In this chapter, it was proposed to evaluate the performance between the MLP and LVQ neural networks configurations to determine the set of expert classifiers to compose a multilevel recognition system. The developed methodology associates the efficient coding of the speech signal through DCT two-dimensional time matrix of low order with integration between MLP and LVQ expert neural networks and Gaussian radial basis functions to develop a speech recognition system of high performance. In view of the presented results, it was concluded that the parameterization of the speech signal through the generation of the DCT two-dimensional time matrix proposed in the methodology proved to be efficient in the formation of the set of input patterns. They were modified by a Gaussian radial basis functions set parameterized with centroid and variances of the classes and they are the inputs presented to the neural networks during the training and validation step. It was verified that despite the small number of parameters that constitute a speech signal pattern, the two-dimensional time matrix can represent the long-term variations of the locutions spectral envelope to be recognized and these characteristics are reproduced in proposed multidimensional space. The versatility of the Gaussian radial basis function set in proposed recognition system structure demonstrates the potential of these functions.

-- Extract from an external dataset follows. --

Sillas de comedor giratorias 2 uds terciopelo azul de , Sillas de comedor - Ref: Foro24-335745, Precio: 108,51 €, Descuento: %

It is emphasized that the parameters of the RBF models were adequately determined, since hit rate in preclassification step was higher than 80%. It was verified that the increase in neurons number of the MLP and LVQ neural networks did not show significant improvements in the global validation hit, which was the criterion used to select the best topologies for the application of the tests. Based on the tests carried out, it was verified that the LVQ network can be used satisfactorily in pattern recognition problems, specifically for multilevel speech recognition system proposed in this chapter. This is evidenced by the very close performance of the MLP Network, which is widely used in pattern classification. Finally, the performance in the multiclass task of speech signal patterns given by the integration between Gaussian radial basis functions and set of expert neural networks is highlighted.